- Holder says tactics for approaching "active shooter" situations should change
- Police agencies don't have the luxury of waiting for SWAT teams to arrive
- D.C. police response time in the Navy Yard shooting was great, but still 12 people were killed
- Police chiefs disagree with the Justice Department's position on states that legalize marijuana
Attorney General Eric Holder said Monday that it has become clear new strategies are needed to deal with how police respond to "active shooter" situations -- those in which someone with a gun is still on the scene and firing at victims.
Shootings like last month's at the Washington Navy Yard have tripled in recent years, Holder told the International Association of Chiefs of Police Conference, and there have been 12 already this year. And he said such shootings have become more deadly -- a 150% increase in the number of people killed over the past four years.
"Although research methods and results vary, it's become clear that new strategies -- and aggressive national response protocols -- must be employed to stop shooters in their tracks," Holder told the police chiefs.
In the Navy Yard shooting, the police response time was considered extremely fast. D.C. Metro Police Chief Kathy Lanier said her officers were on the scene in seven minutes, which is about half the national average response time.
But still, 12 people were killed.
Experts say that despite a quick response time, the first officers on the scene often must wait until more highly trained special weapons and tactics teams arrive, and in the interim lives could be lost.
Holder said that years of analysis reinforces the need for "an immediate, aggressive response to active shooters. In order to prevent additional casualties, it is often patrol officers -- not necessarily SWAT teams -- who serve as the tip of the spear in responding to these incidents."
Security consultant Chris Grollnek describes current tactics as, "Respond once your backup arrives, and use a contact-cover approach so you are not on a suicide mission."

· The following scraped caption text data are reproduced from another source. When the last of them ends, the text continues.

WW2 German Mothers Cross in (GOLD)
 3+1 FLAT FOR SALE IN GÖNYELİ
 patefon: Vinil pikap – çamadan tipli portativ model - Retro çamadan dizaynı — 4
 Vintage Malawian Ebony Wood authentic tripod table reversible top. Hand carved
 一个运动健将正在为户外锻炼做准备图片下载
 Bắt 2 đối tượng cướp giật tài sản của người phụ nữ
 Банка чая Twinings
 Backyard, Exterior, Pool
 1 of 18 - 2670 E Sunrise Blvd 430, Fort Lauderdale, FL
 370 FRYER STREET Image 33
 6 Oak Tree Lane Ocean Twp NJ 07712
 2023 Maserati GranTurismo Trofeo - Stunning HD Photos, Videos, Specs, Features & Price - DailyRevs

Holder said that police don't always have the luxury to take the time to get their best-trained, best-equipped officers to the scene.
"To save lives, the first officers to arrive must sometimes be the ones to directly engage an active shooter," Holder said. "That's why all law enforcement officers must have the best equipment and most up-to-date training to confront these situations. We owe these officers nothing less."
Grollnek focuses on training regular people how to protect themselves before police arrive at the scene. He says people who work in places where a shooting could happen could use some training, too.
"Get up and move -- do not become a victim, don't be a stationary target," he said. "React by escaping the target."
Holder said the Justice Department has partnered with groups like the IACP to train more than 50,000 front-line officers, more than 7,000 on-scene commanders and more than 3,000 local, state and federal agency heads on how to respond to active shooter situations. And it has joined with other federal agencies, local partners and outside experts to develop guidance for schools, churches, colleges, universities and private citizens on how to prepare for such incidents.
Holder also said that the Justice Department has placed an increased emphasis on evaluating threats with the goal of disrupting potential shootings and other violent attacks. The FBI's Behavioral Threat Assessment Center has successfully disrupted hundreds of potential shootings --including 150 this year --Holder said.
While Holder pointed to partnerships with the IACG in active shooter response and prevention, there is disagreement on other issues: IACG President Craig Steckler, retired chief of police in Fremont, California, said in his introduction of Holder that the group's membership "profoundly disagrees" with the Justice Department's decision not to challenge laws legalizing marijuana in Colorado and Washington state and not taking a stand against legalizing marijuana in California, as that state's Proposition 19 would do.
"This decision by the U.S. Department of Justice, in our view, will open the floodgates for those who want to legalize marijuana throughout the country, those who have the resources to place initiatives and referendums on state ballots and those who've continued to profit from the sale of this unlawful drug," Steckler said to applause.
Holder said the Department of Justice and law enforcement agencies need "marriage counseling" in dealing with some issues.